The evening started with an opening set by one of the most overlooked bands in the Twin Cities. Boogiemen came out strong, rockin' from the first note. Lead vocalist and harpman Chuck Edwards was fighting a sore throat, but you sure couldn't tell. He sailed through a fine mix of covers, like Willie Dixon's "I'm A Business Man", Don Covey's "Please Do Something" and "Monkey Around" by Delbert McClinton, who, by the way, will have the band open for him once again at their annual gig at Medina on April 18th. Chuck has a great voice and blows some mighty tasty harp. He is usually a featured player on the bill at the Whiskey Junction's annual All Star Blues Harp night, which this year is scheduled for Monday, April 20th. The band served up many original songs that included Edwards new cut "Come & Get It", as well as many off of their latest CD "Boogie Time"; Paul Manske's "Taxpayin' Fools" and "Can't Stand It No More" and Edwards' "Just Like That".

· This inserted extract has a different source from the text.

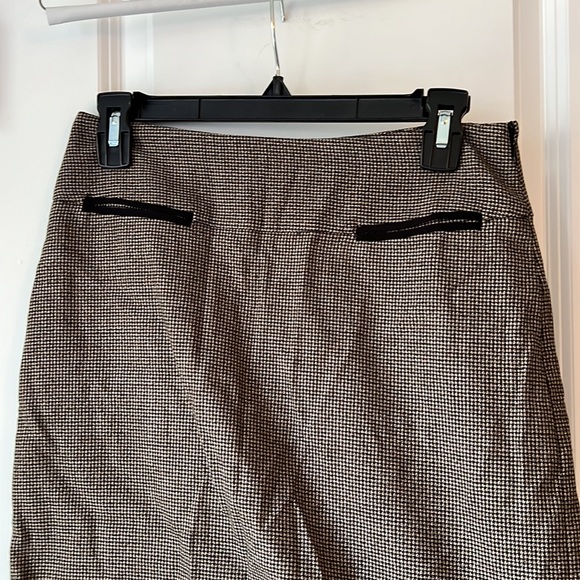 Adorable work skirt! - Picture 2 of 5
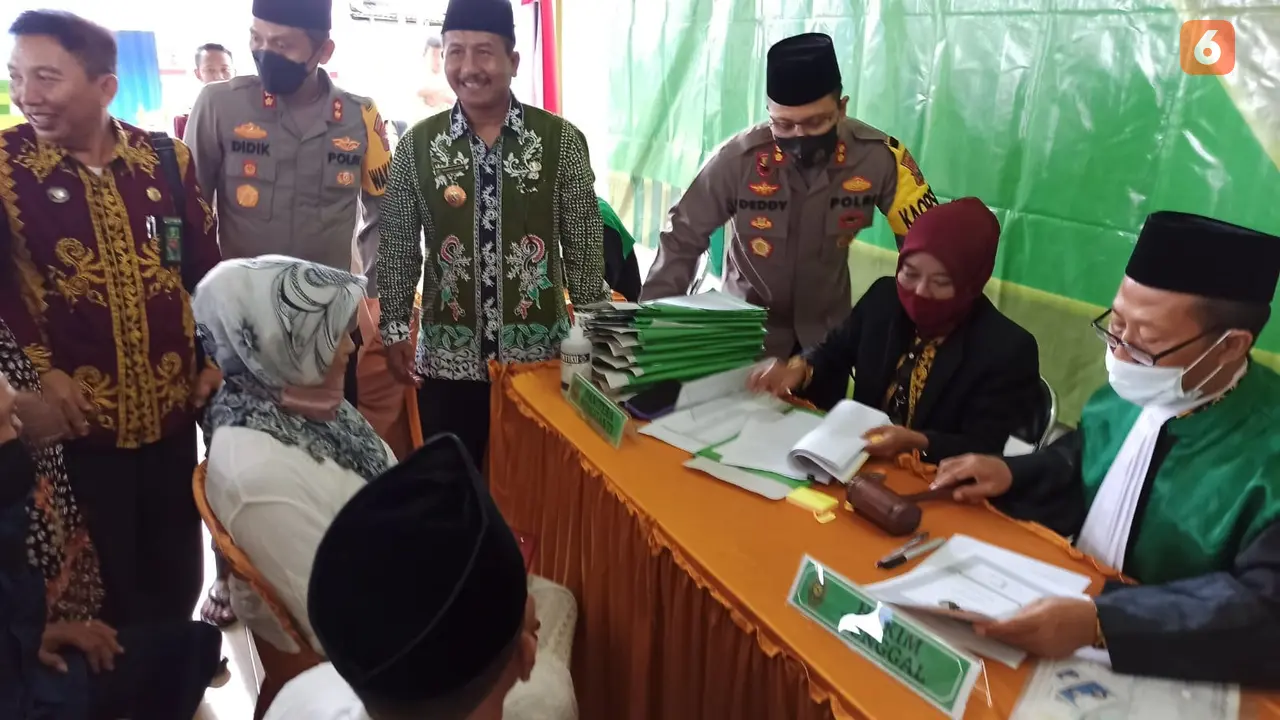 Prossesi isbat nikah  yang dilakukan di Desa Jelun yang diikuti puluhan  pesangan di Banyuwangi (Hermawan Arifianto/Liputan6.com)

Paul Bergen (who replaced Randy Anderson last October) has played with Molly and the Heymakers, among others. Bergen, nephew of Rock & Roll legend Bobby Vee, is also a very talented songwriter, which is evident on his new solo CD "Puddle Of Tears". Just barely completed, it has already gained interest from Nick Lowe and a couple of national labels. Paul's addition to the band adds a new dimension to their 'roots' sound. At this show, his version of "Elvis In The Sky" confirmed that. The newest member is drummer Joel Richmond, who used to play with Tina & the B-Sides. He has only been on board about 2 months and has already jumped into a solid groove with original bass player Paul Manske. Former Raggs bassist Manske lays down some of the best bass grooves around, as well as offering some great vocals (Lazy Lester's "I Hear You Knockin'") along with his songwriting skills. Rounding out the lineup are the 'hot hands' of Glenn Manske on keyboards (also formerly with Raggs). Manske #2, along with Manske #1 and Edwards are original members. Go see Boogiemen, you won't be disappointed, they are developing their own niche in town as an original 'roots' band.

See Boogiemen CD Review

Ted Morgan
Photo © 1997 by Tom Asp All rights reserved
AND, if that wasn't enough, Antones recording artist and Lamont Cranston alumnus Ted Morgan hit the stage and filled the dance floor with his first song, Morgan's own jumping instrumental "The Jive Glide". With Minneapolis' own drum king, Rob Stupka and California bassist Marcus Carino, the band was kickin' from the very first song to the very last note. Ted is a pure 'guitar whiz' - no more 'kid prodigy' or 'kid sensation' cliches - I think we're all sick of that around here. Morgan's jump swing guitar style will blow you away. He plays some of the most amazing licks you will ever hear and his energy on stage builds all night. Throw in his songwriting talents and his great vocals (which get better and better every time I see him) and you've got a show you're glad you didn't miss. Rob, who has played with just about everyone who is anyone in the blues circuit, is one of the most requested tour and studio drummers around. Last year alone, he has toured with Ted, Sue Foley and Syl Johnson, among others, and was the drummer on Jonny Lang's platinum release "Lie To Me". He is now headed right to Delmark studios in Chicago to record with Joanna Conner, before joining up with Ted again for an annual trip to Europe.

Ted Morgan
Photo © 1997 by Tom Asp All rights reserved
This was the last show after a month on the road that took the band through Texas, Phoenix, Colorado, California and Alaska, or as Ted put it; "Over the mountains and through the woods". The band ran through many of the songs on Morgan's 2 CD's; "Ridin' In Style" and "Louisiana Rain", including "Walkin' Out On You", "She's Gone", "Full Grown Man", "Inside Out", "Baby Don't Leave Me" and "Louisiana Rain" (which Teddy dedicated to his brother in the audience). They had the whole place hootin' & hollerin' all night long. Dave Mason of Traffic fame, was even in the house after their gig at First Avenue. His manager, John Taylor, said that they really enjoyed the band and the atmosphere at the Whiskey Junction. The night ended with a great encore jam with Paul Manske and Paul Bergen joining Ted and Rob on stage for one last hoot & holler.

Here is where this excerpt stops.